17 de marzo de 2020

Exilio en Straus Park (Cuaderno de cuarentena, 1)

Jorge R. Pombo, “Paris/New York”, © 2013.

En estos días de encierro, descubro en la New York Review of Books algunos clásicos de su archivo. Me sumerjo en un texto que escribió André Aciman en diciembre de 1997, diez años antes de publicar Llámame por tu nombre. Una anécdota, el vallado y la posible destrucción de un pequeño parque neoyorquino, da pie a una bellísima reflexión sobre la condición del exiliado y la ciudad como espejo del mundo de una vida.

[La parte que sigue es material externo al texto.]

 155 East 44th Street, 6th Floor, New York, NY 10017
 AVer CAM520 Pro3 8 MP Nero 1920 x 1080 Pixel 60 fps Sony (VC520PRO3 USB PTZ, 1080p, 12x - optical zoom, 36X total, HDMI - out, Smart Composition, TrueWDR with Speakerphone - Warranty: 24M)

¿Por qué ese desasosiego ante la temida desaparición de un sitio casi insignificante y ni siquiera demasiado hermoso? Nacido en Alejandría en 1951, Aciman percibe que su actitud responde a un impulso común a todos los exiliados: buscar su patria en el extranjero, tender puentes entre aquí y allá, “reescribir el presente para no dar el pasado por perdido”; de ahí la voluntad de rescatar cosas en todas partes, como si hacerlo en el lugar donde vive significara hacerlo también en el lugar que abandonó.

Querría el alejandrino que todo siguiera igual en su ciudad de acogida. Quizá porque, al haber extraviado sus raíces e incluso la capacidad de hacerlas crecer de nuevo, todo cambio le resulta perturbador. Un exiliado, nos dice, “no es solo alguien que ha perdido su hogar; es alguien que no puede encontrar otro, que no puede pensar en otro”.

Confiesa Aciman que detesta que las tiendas cambien de nombre como le disgusta que se sucedan las estaciones. Y no es porque prefiera la primavera al verano o aquella vieja tienda a esta nueva, sino porque toda mudanza le recuerda cuán frágil y quebradiza es su conexión con el lugar y agudiza su sensación de que entre la curvatura de su tiempo y la de la ciudad donde habita hay una distorsión insalvable, una heterocronía primordial. Y eso le aproxima a su gran temor al temblor: a que sus pies no estén nunca completamente firmes en el suelo, a que el suelo bajo sus pies no sea jamás completamente firme. En la desaparición de las pequeñas cosas lee los signos de su propia caducidad, pues “un exiliado lee el cambio como lee el tiempo, la memoria, el yo, el amor, la belleza o el miedo: en clave de pérdida”.

Volver a Straus Park todos los días se convierte en parte del ritual de recordar las ciudades en la sombra escondidas allí, aquellas en las que ha transcurrido su vida. Porque, en efecto, a veces le parece que la calle 106 no desciende hacia Central Park, sino que se adentra en una pequeña ciudad costera de Italia; que la fuente seca del parque Straus de repente mana agua y se traslada a una plaza de Roma donde remojarse los pies descalzos en verano; que tras los árboles de Riverside Park no discurre el Hudson, sino el Sena, no el final de Manhattan, sino el principio de otra bulliciosa ciudad; una ciudad que a veces es París, pero otras no es ninguna de las que conoce, sino una que le invita a acercarse, esa que él inventa a cada rato y al siguiente teme haber empezado a olvidar.

Pero, por encima de todo, en Straus Park descubre “la memoria del agua”. Vuelve al lugar “para recordar no tanto la belleza del pasado como la belleza de recordar”, pues se da cuenta de que amar mirar atrás no significa amar las cosas que uno mira. Así es como, un día, en la tesitura de dejar Nueva York por Roma, toma conciencia de que no quiere marchar, de que prefiere su Italia y su París del parque Straus, del mismo modo que a veces prefiere las postales y los libros de viajes a los lugares que describen, los libros de arte a las pinturas, las grabaciones a los conciertos y las fantasías a las personas con las que fantasea.

Nueva York deviene su hogar, precisamente, porque es el lugar desde el que puede empezar a estar en otra parte. Y, de todas esas partes, en última instancia Alejandría, su Alejandría, una ciudad irreal que inventó mientras estaba en Roma y en París, pero que no es una más de sus ciudades invisibles, sino su ciudad interior.